In this context, the White House has announced a cryptocurrency summit this Friday, where the government will meet with key executives and directors from the digital asset industry.
This series of announcements had a direct impact on market confidence, reversing multiple bearish sessions and serving as a turning point that has brought back bullish pressure on Bitcoin in the short term. However, for this optimism to be sustained, it is essential for expectations to be backed by a concrete regulatory plan, as this could maintain market confidence and buyer momentum in Bitcoin in the coming sessions.
How Is Market Confidence?
The Fear & Greed Index for cryptocurrencies is currently at 39, placing it within the "fear" territory. This marks a significant recovery, considering that just yesterday, the index registered a value of 22, approaching the "extreme fear" zone.
Source: Coinmarketcap
The recent drop in the index resulted from a loss of confidence and an increase in selling positions over the past week. However, the sharp rebound in its value suggests that market sentiment has rapidly improved.
The new values in the cryptocurrency confidence index could fuel a new bullish bias in Bitcoin, especially if the index continues rising above 40 in the coming sessions. Currently, market confidence remains highly volatile, making it crucial for the index to hold consistently at higher levels, allowing Bitcoin’s bullish pressure to strengthen further.
Bitcoin Technical Forecast

Source: StoneX, Tradingview
- False Breakout: The BTC market has exhibited strong indecision since November 2024, consolidating within a sideways channel with an upper boundary at $106,000 and a lower boundary at $90,000.
In recent sessions, accelerated bearish pressure attempted to break the support level, which could have triggered a deeper downward move. However, the price has shown a strong recovery from below the $90,000 zone, and it is now attempting to reintegrate into the long-standing sideways range.
As long as there is no clear and sustained breakout from this range, it is unlikely that Bitcoin will establish a defined long-term trend.

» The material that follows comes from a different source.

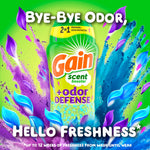 Vibrant promotional image of Gain +odor defense scent booster bottle with colorful powder and blue and purple petal graphics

- RSI: The RSI line remains oscillating above the oversold zone (30). Its upward slope currently suggests that buying momentum is gaining strength. If the RSI crosses above the neutral 50 level, it could indicate that buying pressure has fully regained control of BTC, reinforcing its bullish bias.
Key Levels:
- $106,000: Major resistance. This level remains the key area to watch, as it represents the upper boundary of the sideways channel. If Bitcoin reaches and surpasses this level, the bullish trend could reignite, reviving the expansion phase that has remained dormant for several weeks.
- $90,000: Immediate barrier. This is the closest zone that could obstruct further upward movement. This level coincides with the lower boundary of the sideways channel and the 100-period simple moving average. If the price breaks above this level with strength, the sideways range could regain relevance in the short term.
- $76,000: Key support. This level remains the nearest neutral zone, based on BTC’s price fluctuations over the past year. If the market revisits this level, selling pressure could intensify, increasing the chances of a more structurally bearish trend in the long term.